Myanmar’s war on opium

The United Nations 2012 South-East Asia Opium Survey, released Wednesday, reported cultivation of the narcotic poppy plant increased for the sixth consecutive year in Myanmar.

Myanmar, also known as Burma, produces 25 percent of the world’s opium. Only Afghanistan cultivates more.

In February, Sit Aye, a legal adviser to Myanmar President Thein Sein, told Reuters the government intended to solve its opium problem by 2014. 

“Myanmar opium poppy cultivation jumped 17 per cent in 2012 to 51,000 hectares (up from 43,000 ha in 2011) in spite of Government claims to have eradicated 23,717 ha of opium poppy — more than three times the 7,058 ha it eradicated in 2011,” the report said.

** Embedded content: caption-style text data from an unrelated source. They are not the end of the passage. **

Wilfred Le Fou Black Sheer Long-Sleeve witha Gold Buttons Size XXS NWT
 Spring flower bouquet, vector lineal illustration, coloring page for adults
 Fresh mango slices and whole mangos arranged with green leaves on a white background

Gary Lewis, East Asia and the Pacific representative for the United Nations Office of Drugs and Crime, said, according to the UN, "The opium numbers continue to head in the wrong direction. However we have seen more progress on responding to the root causes of opium cultivation in the past year than we have in the past decade. The international community must now ask 'how can we help?' — and provide resources towards a solution."

Most of Myanmar's opium crop is used to produce heroin, according to the BBC. “About half goes to meet the growing market in China,” the UK news outlet wrote.  China accounts for more than 70 percent of heroin use in East Asia and the Pacific.